*** Opening Information shown ***

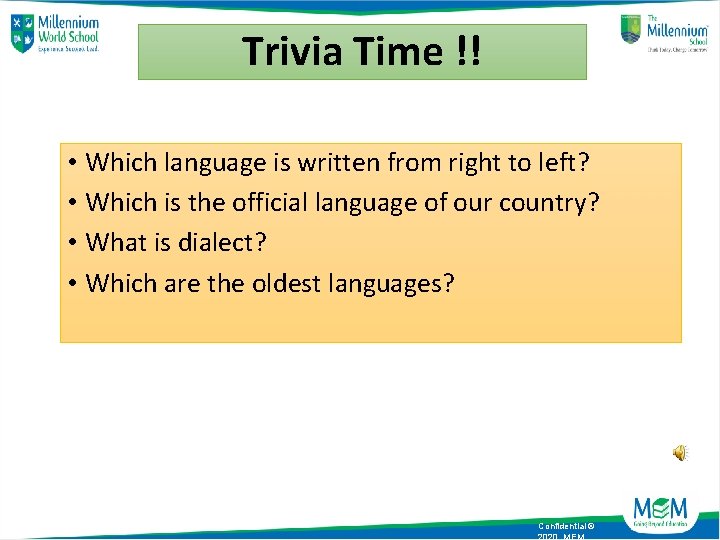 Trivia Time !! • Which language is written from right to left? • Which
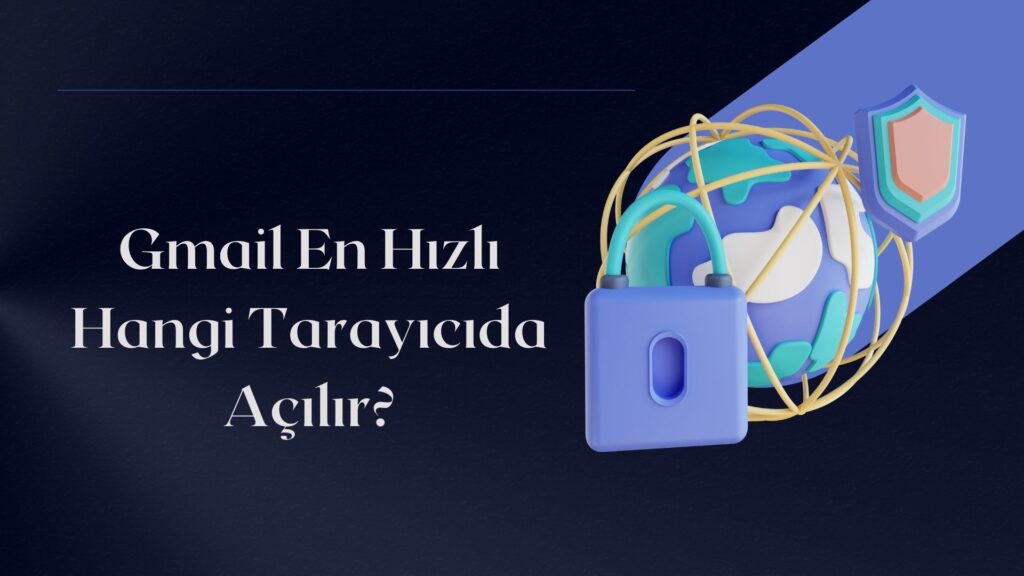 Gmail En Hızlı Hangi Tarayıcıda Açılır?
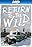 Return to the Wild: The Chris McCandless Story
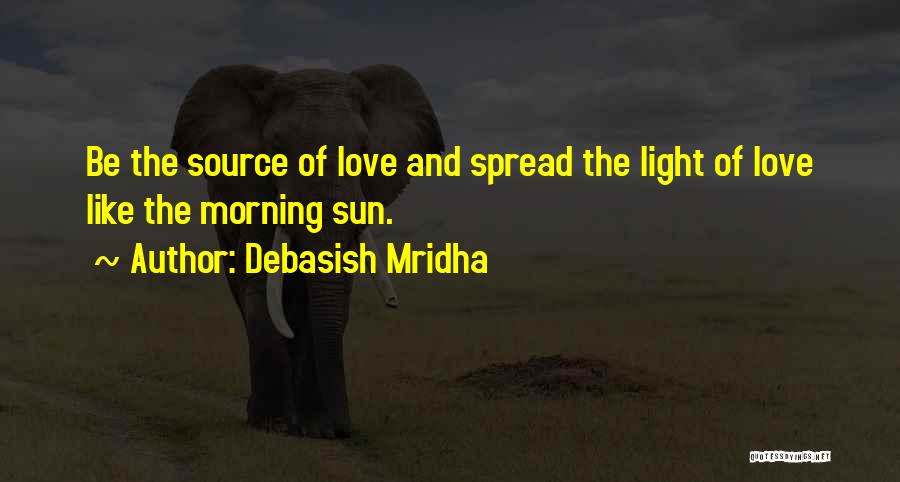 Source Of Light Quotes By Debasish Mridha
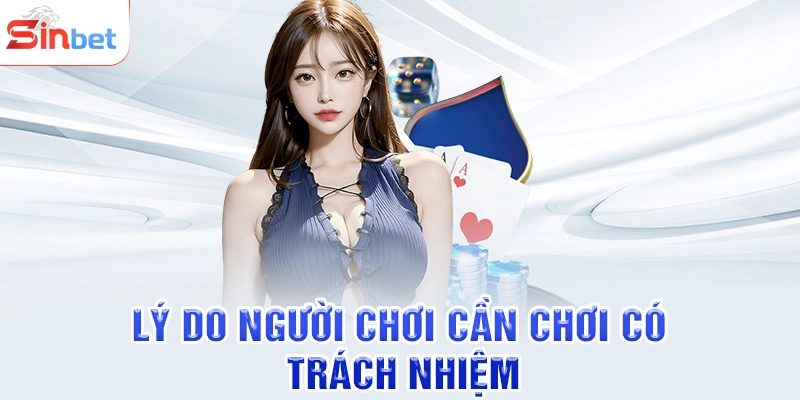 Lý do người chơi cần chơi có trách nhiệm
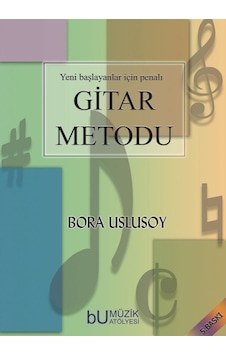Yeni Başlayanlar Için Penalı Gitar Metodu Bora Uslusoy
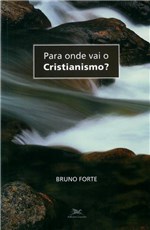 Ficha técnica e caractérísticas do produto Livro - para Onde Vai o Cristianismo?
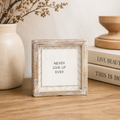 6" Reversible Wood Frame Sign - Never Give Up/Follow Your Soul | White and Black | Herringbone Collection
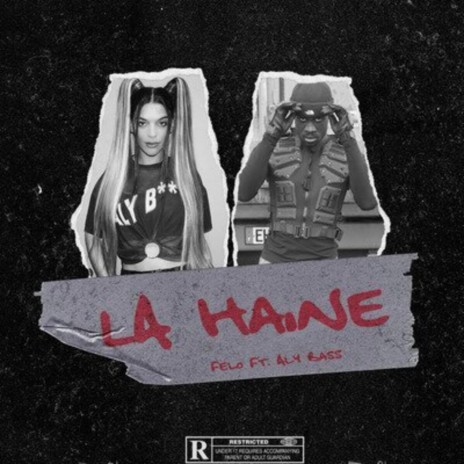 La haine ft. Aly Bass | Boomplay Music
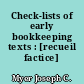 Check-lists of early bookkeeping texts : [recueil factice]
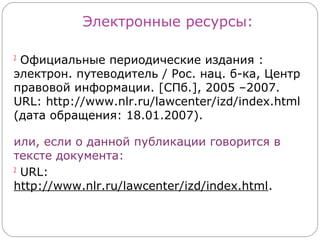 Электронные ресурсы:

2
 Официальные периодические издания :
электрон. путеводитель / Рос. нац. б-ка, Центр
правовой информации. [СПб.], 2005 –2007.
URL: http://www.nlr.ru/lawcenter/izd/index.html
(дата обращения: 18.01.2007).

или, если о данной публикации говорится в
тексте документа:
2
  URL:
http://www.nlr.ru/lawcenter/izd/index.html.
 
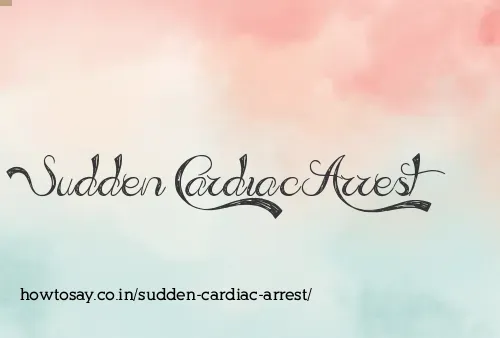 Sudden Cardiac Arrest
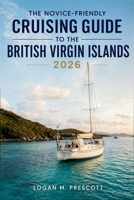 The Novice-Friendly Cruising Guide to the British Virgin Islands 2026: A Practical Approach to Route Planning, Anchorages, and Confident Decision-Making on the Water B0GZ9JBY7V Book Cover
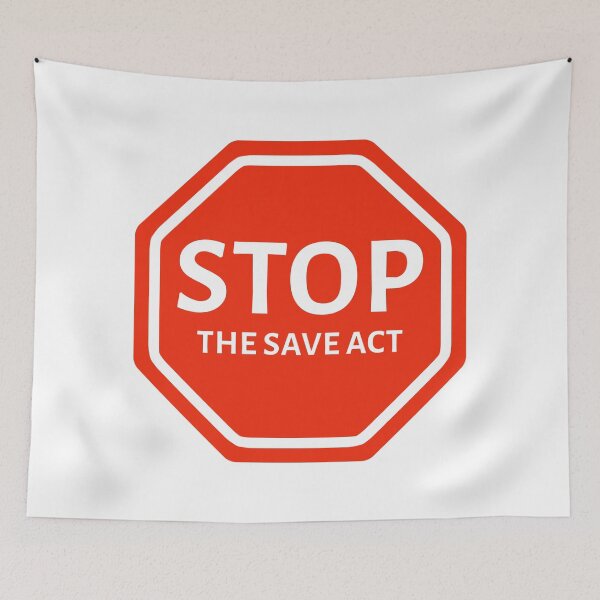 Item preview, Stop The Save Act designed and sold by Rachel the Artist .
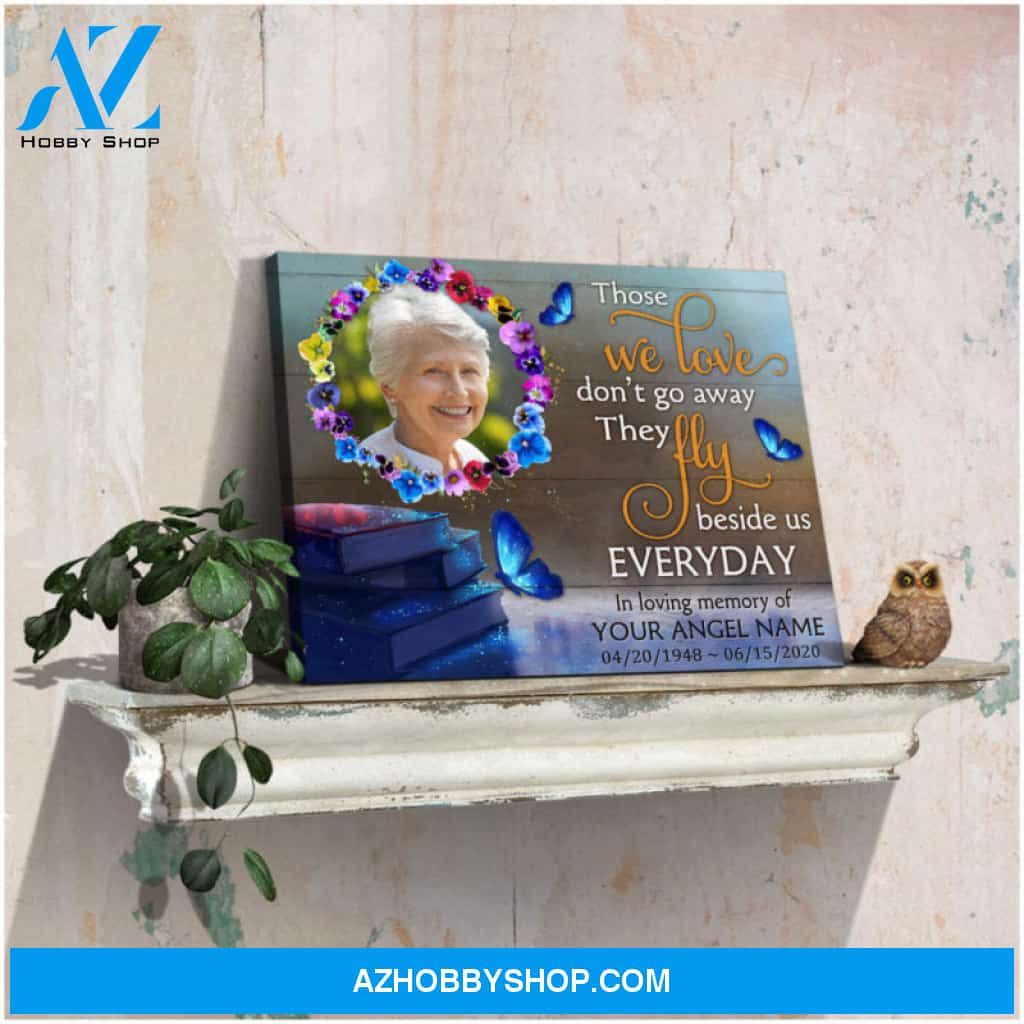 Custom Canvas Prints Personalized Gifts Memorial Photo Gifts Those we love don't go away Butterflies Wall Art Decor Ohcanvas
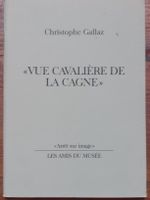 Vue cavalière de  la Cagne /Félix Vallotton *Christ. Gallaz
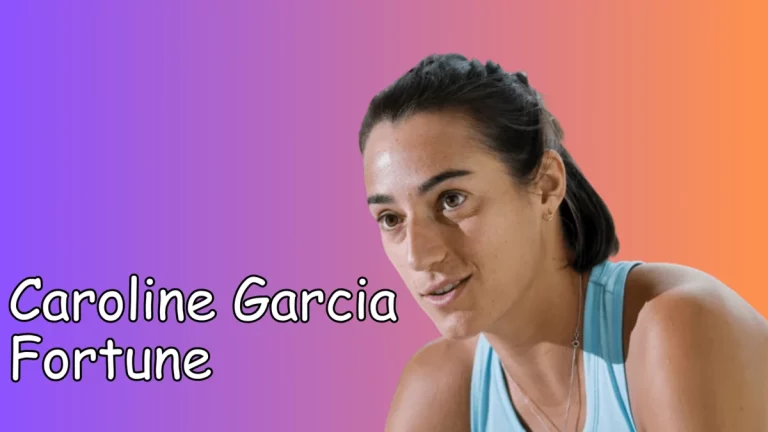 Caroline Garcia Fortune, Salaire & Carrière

*** Closing Information shown ***

*Aim of the exercise:*
Find and copy every line in the entries above where the string "http" occurs.

*Result of this exercise:*
URL: http://www.nlr.ru/lawcenter/izd/index.html
http://www.nlr.ru/lawcenter/izd/index.html.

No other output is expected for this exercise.